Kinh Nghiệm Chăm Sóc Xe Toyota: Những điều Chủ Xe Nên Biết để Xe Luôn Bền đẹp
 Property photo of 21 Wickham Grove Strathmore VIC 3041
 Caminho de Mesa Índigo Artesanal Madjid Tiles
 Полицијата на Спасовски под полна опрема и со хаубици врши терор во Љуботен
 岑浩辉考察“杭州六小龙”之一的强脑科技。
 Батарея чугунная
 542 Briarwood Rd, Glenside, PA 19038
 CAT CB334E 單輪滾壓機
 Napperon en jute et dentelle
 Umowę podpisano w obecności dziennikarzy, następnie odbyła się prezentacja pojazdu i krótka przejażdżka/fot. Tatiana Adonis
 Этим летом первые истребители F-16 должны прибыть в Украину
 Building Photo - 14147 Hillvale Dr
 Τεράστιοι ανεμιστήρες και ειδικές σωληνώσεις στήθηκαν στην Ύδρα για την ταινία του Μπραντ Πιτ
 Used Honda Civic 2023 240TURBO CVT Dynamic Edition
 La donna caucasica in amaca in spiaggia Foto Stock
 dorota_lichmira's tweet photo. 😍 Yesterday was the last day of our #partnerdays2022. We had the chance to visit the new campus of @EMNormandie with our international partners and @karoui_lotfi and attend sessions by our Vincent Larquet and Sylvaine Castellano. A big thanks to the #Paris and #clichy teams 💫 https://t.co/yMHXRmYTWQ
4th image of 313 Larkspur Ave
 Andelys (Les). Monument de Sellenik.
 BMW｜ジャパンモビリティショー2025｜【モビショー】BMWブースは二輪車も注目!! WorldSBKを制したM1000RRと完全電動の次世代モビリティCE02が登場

WHAT THE TASK REQUIRES:
Output, exactly and with no other text, the line that contains "4th image of 313 Larkspur Ave" and all lines from there to the end of the records.

SOLUTION FOR THIS PROBLEM:
4th image of 313 Larkspur Ave
 Andelys (Les). Monument de Sellenik.
 BMW｜ジャパンモビリティショー2025｜【モビショー】BMWブースは二輪車も注目!! WorldSBKを制したM1000RRと完全電動の次世代モビリティCE02が登場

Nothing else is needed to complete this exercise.